Xi'an, Luoyang, Pingyao, Beijing. For many travelers, these cities are what China is all about. In this "small" triangle (about 2000 km long) can be found the major imperial monuments and religious sites of Northern China. Here, the tourists are different : less backpackers, or as many backpackers as before, but diluted in the flow of "traditional" tourists, Chinese and foreigners.
We could this mass of tourists as soon as we step out the train in Xi'an. The square in front of the train station was full of Chinese carrying luggage, map & mineral water sellers... We are in July now, and summer holidays already started. I was warned that it would be like this, so i was not very surprised. Anyway, we were now very close to Beijing, so even with the crowd, we should not have too much problems to reach the capital.

For the first time since we started traveling together, Charlotte and I split. She went to the youth hostel while I wanted to stay with an English guy I met on Couchsurfing. As many native English speakers, James is English teacher and has very special ideas and theories about life. I can say it was great staying with him for 3 days. We had many discussions about life and I believe I will see certain things differently now.

I did not like much Xi'an : too hot, too busy Many people come here not only for the remaining wall circling the city (in the past, almost every Chinese city had a wall around, but Uncle Mao thought that feudalism and communism did not get along, so almost all were destroyed, except in a few cities : Xi'an, Pingyao, Dali...) but for the Army of Terracotta Warriors, 34kms outside town. We were there, of course... and we had to buy a ticket. Not too expensive with my false student card (made in Bangkok, on Khaosan road), and anyway, it was already in my budget, like the Taj Mahal in India, or Angkor War in Cambodia. However, I was not that impressed, maybe because they built a building the size of an aircraft hangar around. I spent the rest of the time wandering around, mainly in the Muslim neighborhood (since Gansu, we met so many Muslim neighborhoods and mosques. I thought Muslims were only in Western China, but not only, after all !)

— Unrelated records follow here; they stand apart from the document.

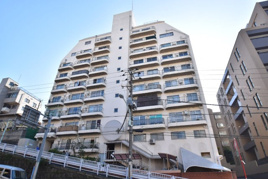 シャンボール文京の外観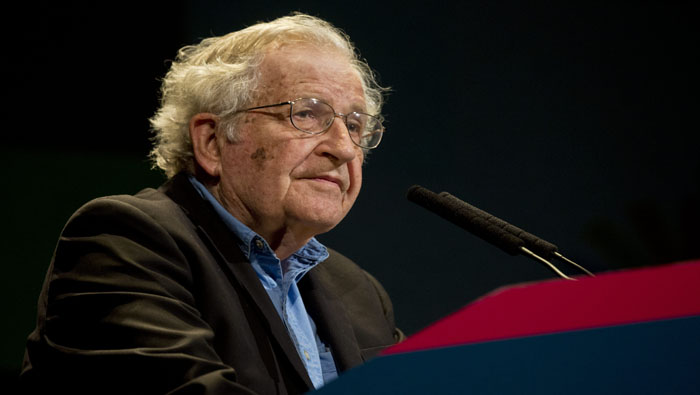 Noam Chomsky consideró que el racismo está lejos de erradicarse pese a que es menos acentuado al vivido hace siglos.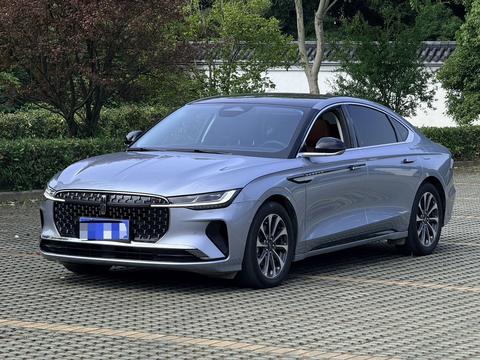 Lincoln Z 2024
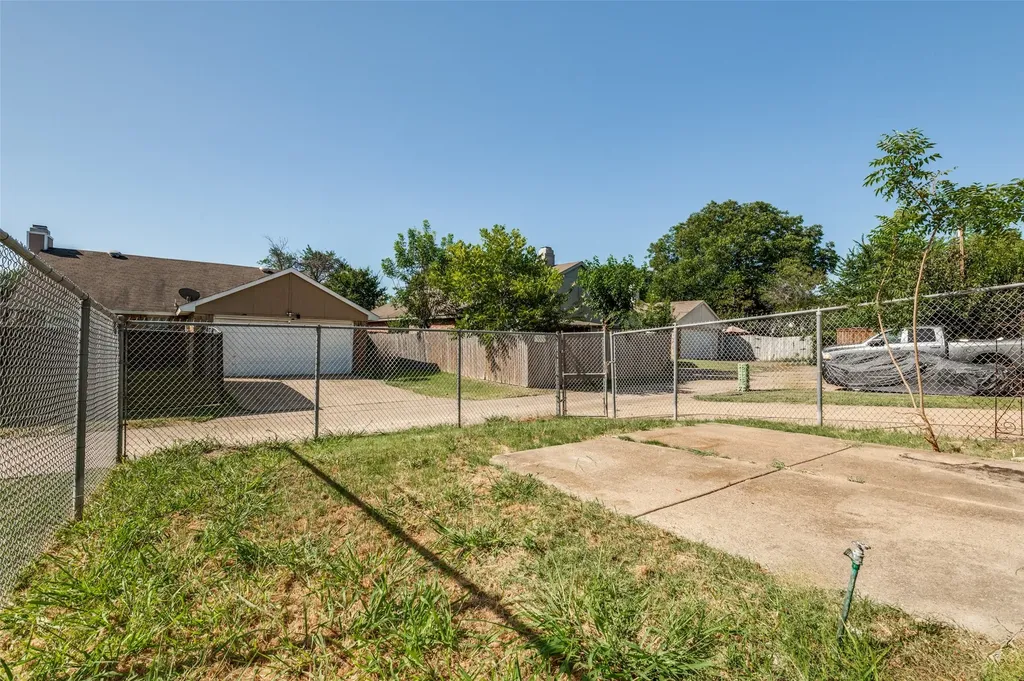 805 Whitney Street Cedar Hill TX 75104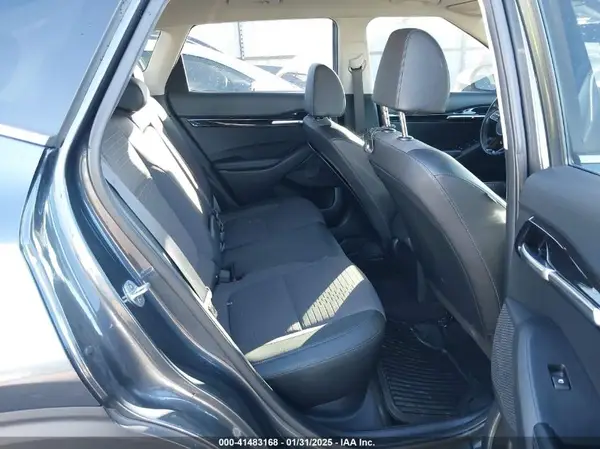 KNDEU2AA3M7197000 2021 KIA SELTOS - Image 8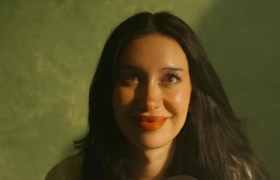 Julia Wolf Bilet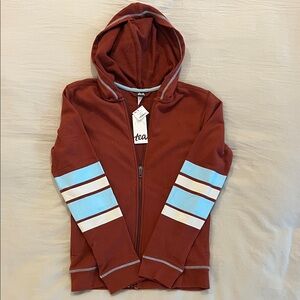 Tea Elbo Kids' Red and Blue Striped Hoodie Dark Maple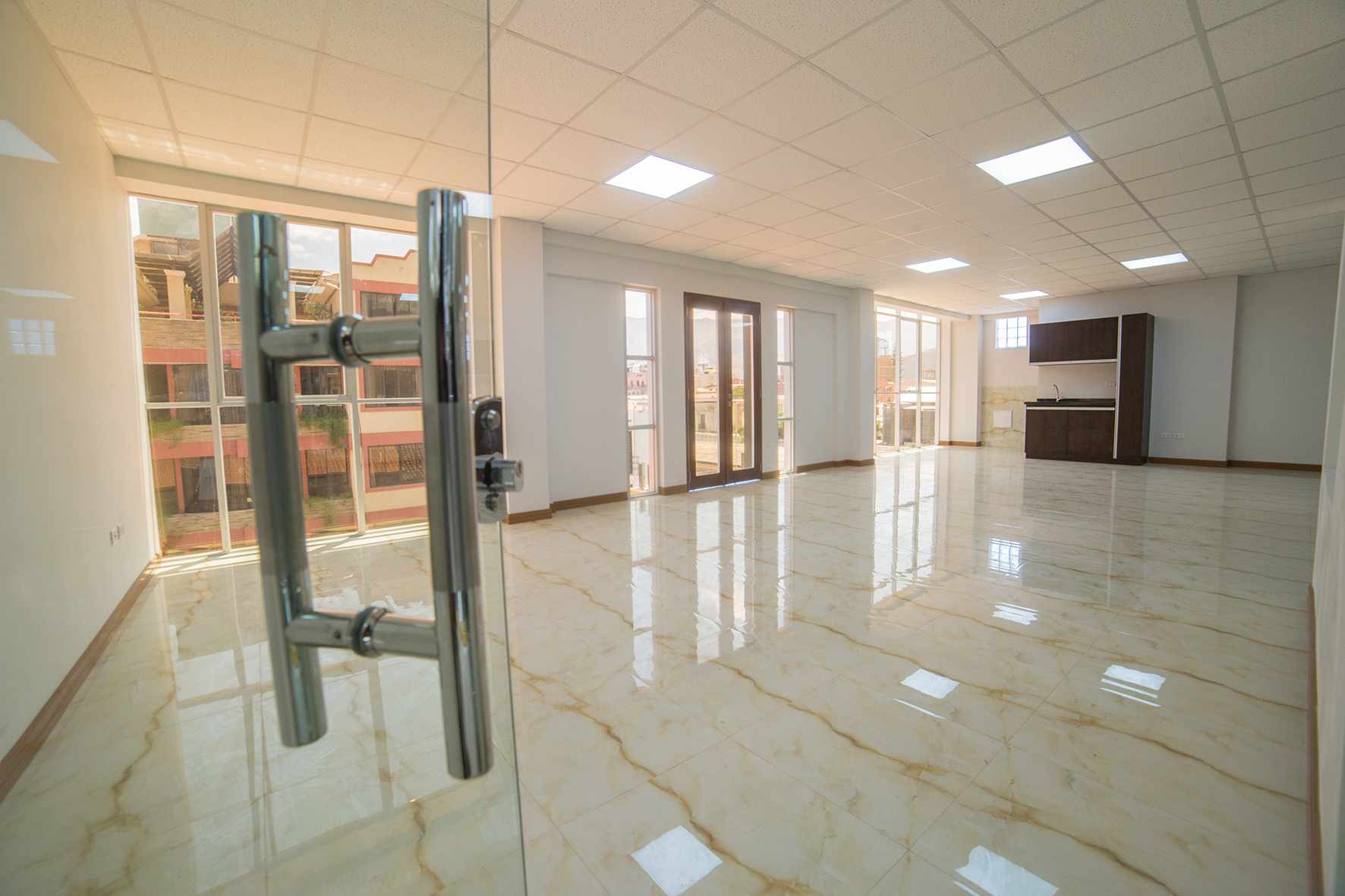 Oficina en AlquilerCalle Jordán entre 25 de Mayo y Esteban Arce Foto 10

There is a place I have wanted to see for a while, since I found it by chance on the Internet. It is a small village in Henan Province, that can be accessed only through a tunnel built into a cliff. I read on the Internet that because of this, the road leading to the village was ranked in the top 10 of the most dangerous roads in the World. I also had the surprise to discover that inside the top 10, I already rode a few of them : The road of Yungas, in Bolivia, closed to traffic but that can be ridden on a bicycle, for a flat 40$, including transportation, meal and a T-shirt featuring "I survived the most dangerous road in the World". I confess I did it, but I was with my girlfriend, so it is half-forgiven. In the top 10, there is also the Feary Meadow road in Northern Pakistan and the friendship highway running down the Tibetan plateau to the Nepali border... So, together with the Guoliang tunnel, it would be my fourth road into the ranking (not that I am calculating).

It was quite a detour from Xi'an. Instead of taking a train toward Beijing and jump-off at the middle in Pingyao (the best preserved ancient walled city in China), we boarded a train running East. The next morning, and a 2-hour bus ride later, we were at the entrance of Guoliangcun scenic area, in Henan, a province overlooked by most of foreign tourists. During the 3 days we stayed in Guoliang, we met only 2 foreigners, and there were leaving in China. The whole area was a great resting places, with many Chinese coming here to capture the scenery on paper and canvas.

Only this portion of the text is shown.